La puerta por fin puede cerrarse. Los personajes entran en la estancia. Se mueven como
sombras en una sala de cine a oscuras, en nuestra sala, y dejan a Ethan en el umbral de
la puerta, allí donde empieza la ficción luminosa de Monument Valley, su mito y sus
historias. Pero también la condena de un tipo torturado y errante. Un peregrino eterno
que vuelve a cabalgar hacia la puerta cada vez que nosotros, desde esta sala oscura,
volvemos a invocarlo. Y hemos perdido la cuenta de las veces que lo hemos hecho.
Con esta despedida, Ford seguiría siendo el más grande. Pero se empeña en dirigir más.
Su salud empieza a debilitarse. No para, sin embargo, de buscar nuevos proyectos.
Dirige algunas películas notables —Escrito bajo el sol (1957), Un crimen por
hora (1958), El sargento negro (1960), Dos cabalgan juntos (1961)— pero cada vez le
cuesta más encontrar financiación. A pesar de todo, en los sesenta rueda su última obra
maestra: El hombre que mató a Liberty Valance (1962). A diferencia de la minuciosa
odisea (física y psicológica) de Centauros…, este film se desarrolla básicamente en
interiores y en decorados de estudio. Tiene todos los tintes de aquello que ha dado
enllamarse “obra testamentaria”. Rodada en blanco y negro, El hombre… aglutina los
grandes temas que Ford ha ido desbrozando durante medio siglo: la construcción de la
sociedad moderna (el film se abre y se cierra con el ferrocarril), el sacrificio colectivo e
individual, la leyenda que se impone a la historia (por cierto, el discurso final de El
caballero oscuro (2008) de Christopher Nolan debe mucho al célebre apotegma
fordiano “cuando los hechos se convierten en leyenda, imprime la leyenda”), el
desarraigo de aquellos para los cuales el presente ya es futuro. En este aspecto, Tom
Doniphon y Liberty Valance son las dos caras de la misma moneda. Su enfrentamiento
marca una secuencia memorable, de una puesta en escena canónica y vibrante.

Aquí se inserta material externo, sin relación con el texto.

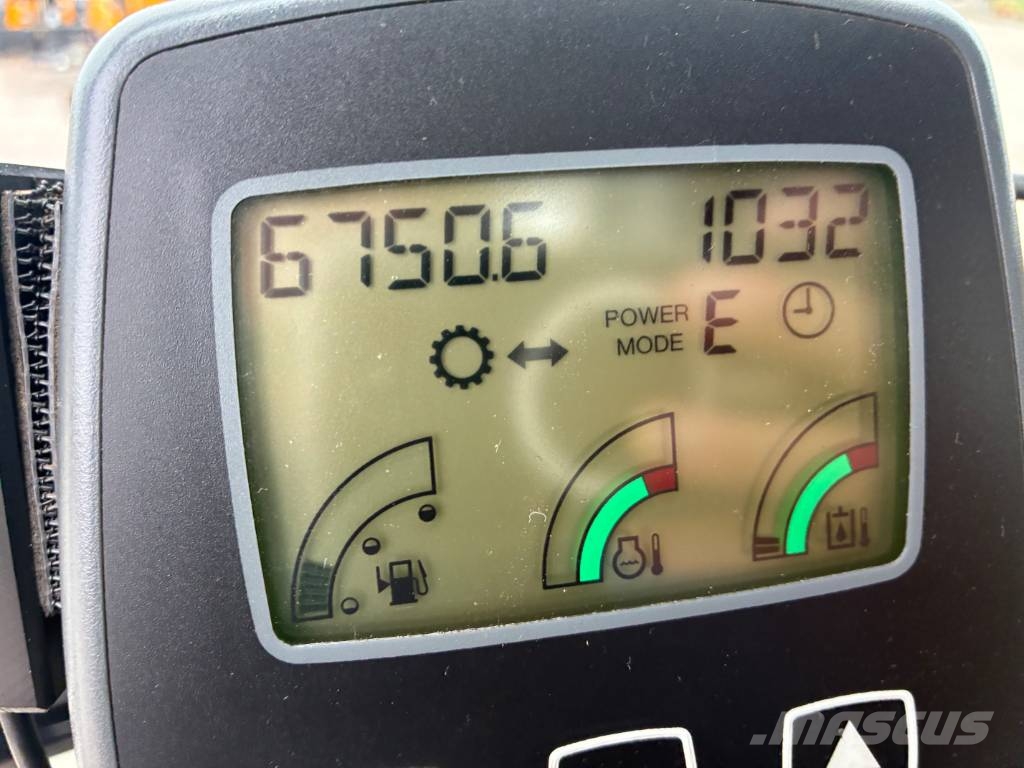 JCB 140 JZ LC Kāpurķēžu ekskavatori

Antes de la retirada aún tiene tiempo para filmar la libérrima comedia La taberna del
irlandés (1963), un canto a la dignidad del pueblo indio en El gran combate (1964), El
soñador rebelde (1965), que tuvo que terminar Jack Cardiff, y Siete mujeres (1966),
una de sus obras más incomprendidas y que bien merece tener un sitio entre sus grandes
obras.
Sus últimas palabras inteligibles, el 31 de agosto de 1973, fueron para pedir un cigarro.

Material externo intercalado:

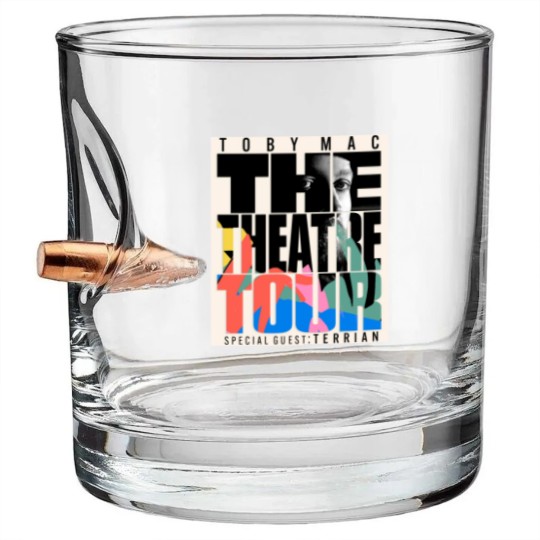 Discover Toby Mac 2023, Hits Deep Tour Bullet Whiskey Glasses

El primero en llegar a su funeral fue el actor Woody Strode. El crítico Joseph
McBride, autor del monumental Tras la pista de John Ford, cuenta que se acercó a
John Wayne en el cementerio para preguntarle por su amistad con el cineasta. Con ojos
enrojecidos, el actor consiguió articular un: “Bueno, llegué a conocerle un poco” y se
fue alejando con el singular y perezoso movimiento de cadera, arrastrando los pies (tal y
como le había enseñado “el capitán”: “Duke, no des saltitos como un marica”) en un
postrer homenaje al viejo hijo de perra irlandés. Antes del fundido en negro final.